Exercise directions — Reproduce exactly the lines from the one containing "Byblos Resort & Casino Logo" through the end of the entries, including both. Drop the pictures.

[Brief descriptive captions]
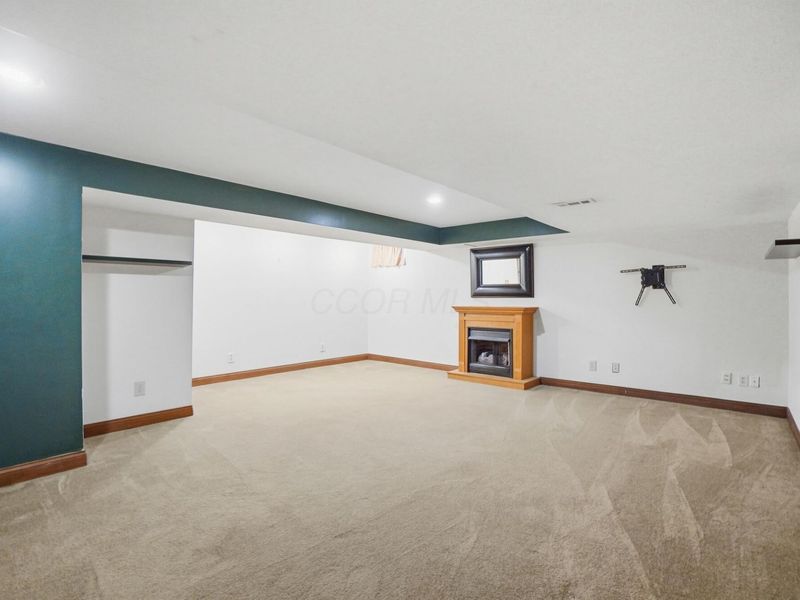 274 Park Trails Drive, Newark, OH 43055 Photo 43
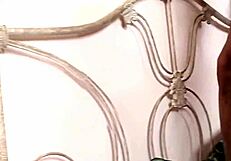 Victoria Sweet Says, 'Am I Too Wild for Your Tight Pussy?'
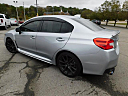 Thumbnail image of 2019 Subaru WRX at Gary Mathews Motors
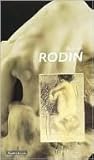 Rodin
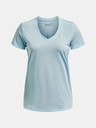 Under Armour Tech Ssv - Twist T-Shirt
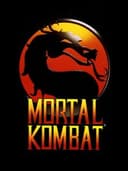 Mortal Kombat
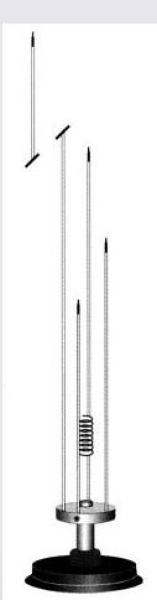 Albrecht Skyscan MAG1300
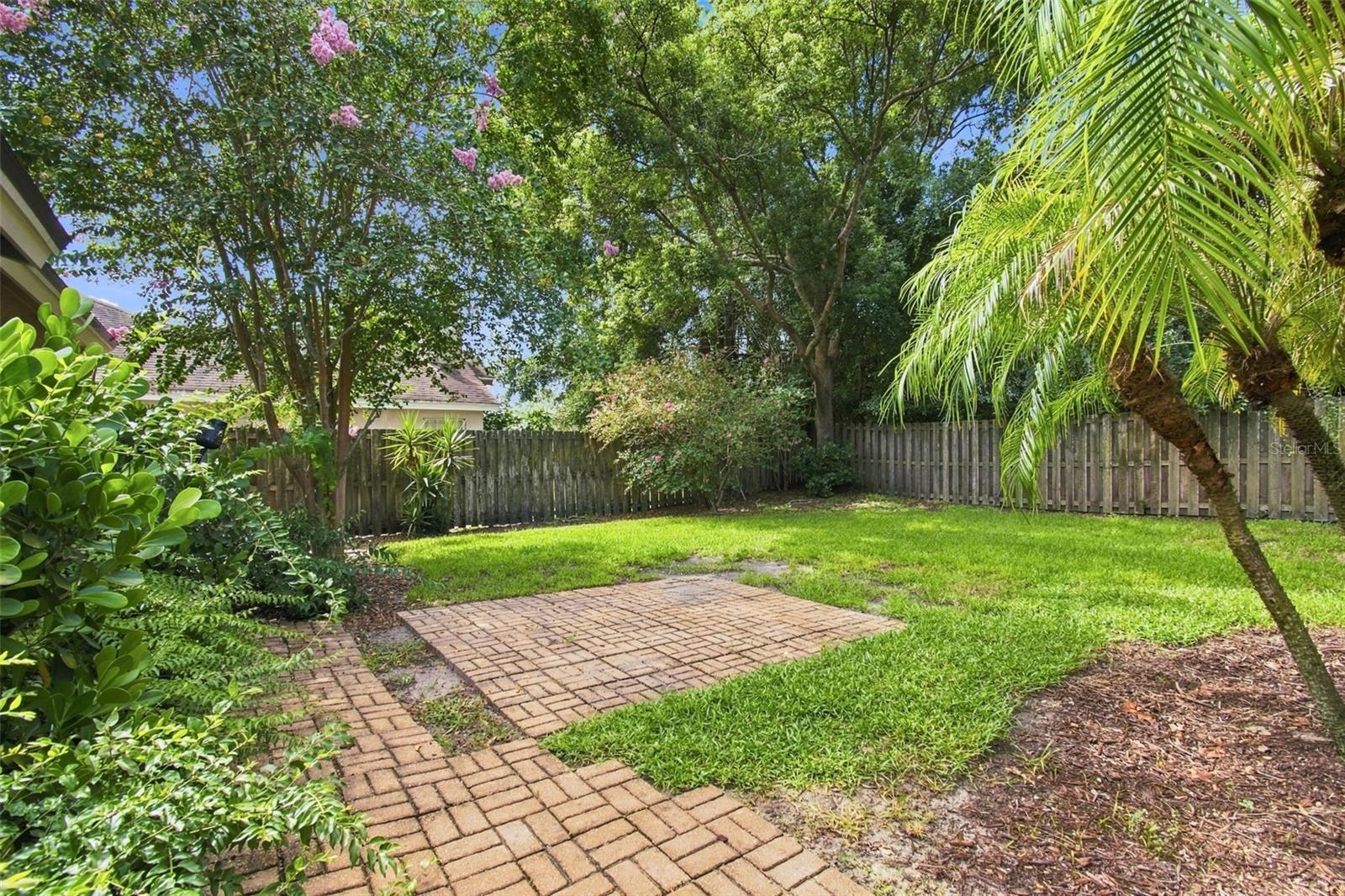 16804 Sheffield Park Dr Property Photo 59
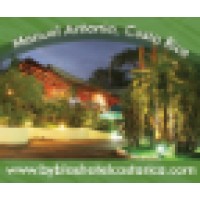 Byblos Resort & Casino Logo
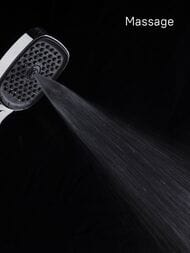 ����� ������� IDDIS Slide 3 ������ ������, �������� ABS-�������, ���� ���� SLI3F0Ci18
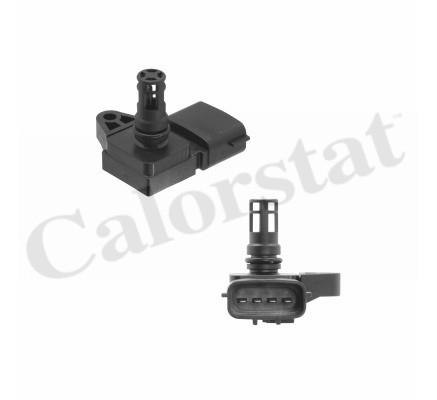 MS0036 Vernet MAP Sensor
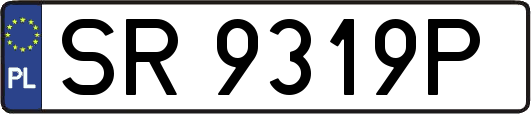 SR9319P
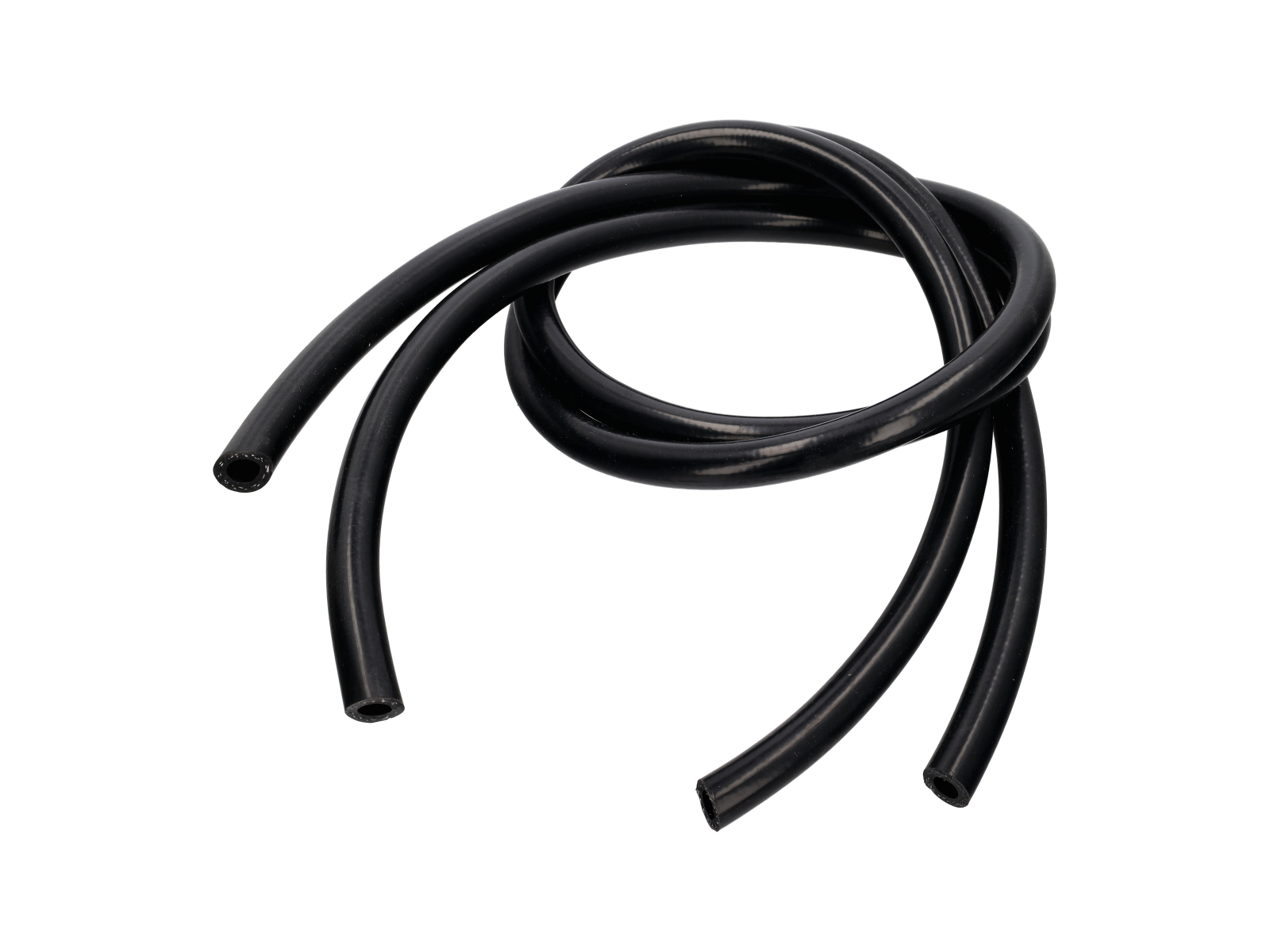 thumbnail image 2 of CAE Gear Shifter Cables Porsche 997 Carrera Spec 2 of 10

Written reply —
 Byblos Resort & Casino Logo
 ����� ������� IDDIS Slide 3 ������ ������, �������� ABS-�������, ���� ���� SLI3F0Ci18
 MS0036 Vernet MAP Sensor
 SR9319P
 thumbnail image 2 of CAE Gear Shifter Cables Porsche 997 Carrera Spec 2 of 10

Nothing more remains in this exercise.